Malgré des rendements parfois anémiques, les titres à revenu fixe sont loin d’être boudés par les grandes caisses de retraite aux États-Unis, bien au contraire.

Les régimes de retraite des 100 plus grandes entreprises publiques américaines, dont les actifs totaux s’élèvent à 1 800 milliards de dollars, ont en effet augmenté leur exposition aux titres à revenu fixe à un niveau record. À la fin de leur dernier exercice financier, 50,2 % de leur portefeuille était composé de titres de créance. À l’inverse, leur répartition en actions n’atteignait que 31,9 %, un niveau historiquement bas, révèle un rapport de la société de consultation Milliman.

Ce regain d’intérêt pour les obligations s’explique par des changements législatifs aux États-Unis qui ont eu pour effet de rendre les titres de créance et les stratégies d’investissement guidé par le passif plus attrayants pour les régimes de retraite, souligne Bloomberg. La comparaison avec les caisses de retraite canadiennes est donc hasardeuse. N’en reste pas moins que la forte amélioration de leurs ratios de capitalisation incite les régimes PD du secteur privé américain, de plus en plus matures, à réduire le risque de leurs portefeuilles à long terme en accélérant les achats d’obligations et en vendant des actions, note des analystes de JPMorgan Chase & Co.

Les coupons des bons du Trésor à 10 ans ont augmenté de plus d’un point de pourcentage depuis le mois d’août dernier, atteignant presque 1,8 %. Si cette hausse nuit aux rendements à court terme, elle demeure un atout pour les régimes de retraite qui ont des engagements à long terme.

Craintes liées à la flambée boursière

Selon Milliman, les 100 plus grands régimes de retraite privés des États-Unis affichent un ratio de capitalisation moyen de 88,4 %. À noter qu’en plus des titres à revenu fixe, ces régimes ont aussi augmenté leur exposition aux capitaux privés, à l’immobilier, aux fonds de couverture et aux titres du marché monétaire, l’ensemble de ces catégories d’actifs occupant aujourd’hui 17,9 % de leurs portefeuilles, comparativement à 9,5 % en 2005.

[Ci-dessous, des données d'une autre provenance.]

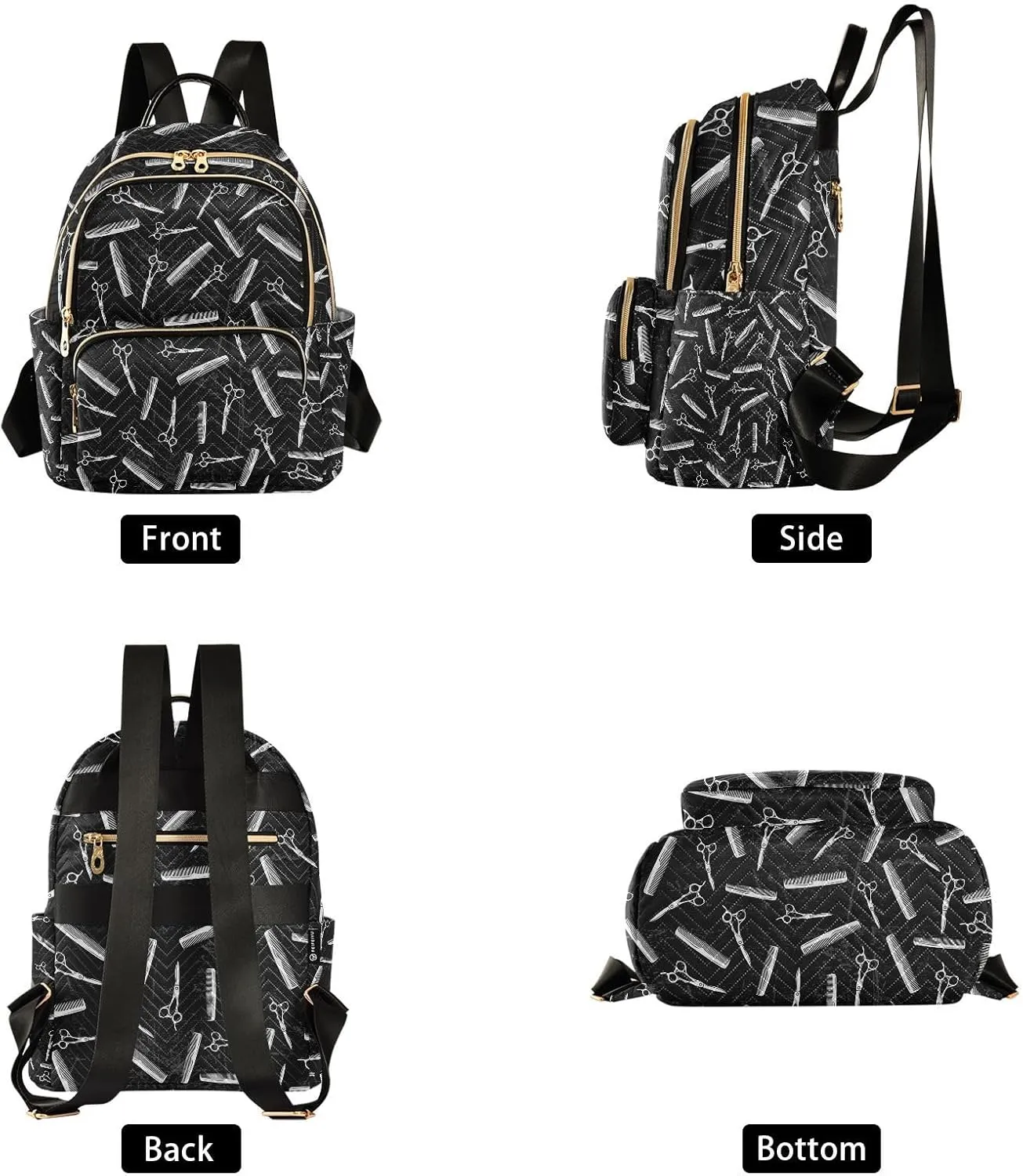 Mini Backpack Purse for Girls Hair Stylist Hairdressing Comb Casual Travel Daypacks Shoulder Bag for Ladies Women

JPMorgan s’attend à ce que le même engouement pour les titres à revenu fixe se matérialise dans les régimes PD du secteur public américain. Cela dit, ces régimes affichent un ratio de capitalisation moyen bien moindre (60 %) que leurs homologues du secteur privé. Leurs déficits plus importants rendent donc les obligations moins attrayantes à court terme. Leur répartition très élevée en actions les forcera néanmoins un jour ou l’autre à se tourner davantage vers les titres à revenu fixe pour mieux apparier leur passif, note JPMorgan.

Un autre facteur qui peut expliquer l’intérêt des caisses de retraite pour les obligations est la crainte d’un marché boursier beaucoup trop optimiste. Ce mois-ci, par exemple, les régimes de retraite clients de Bank of America ont été des vendeurs nets d’actions, une tendance qui dure depuis maintenant un an.

Depuis 2005, l’indice Bloomberg Barclays U.S. Aggregate Bond a crû d’environ 5 % par an, soit à peine la moitié du rendement du S&P 500 durant la même période. Or, lorsque ces rendements sont ajustés en fonction de la volatilité, la performance des obligations a surpassé de 23 % celle des actions.

La question de la place des obligations dans les portefeuilles institutionnels continue de faire débat. La semaine dernière, un grand gestionnaire de fonds de retraite danois affirmait qu’il était peut-être temps pour les régimes de retraite de les abandonner.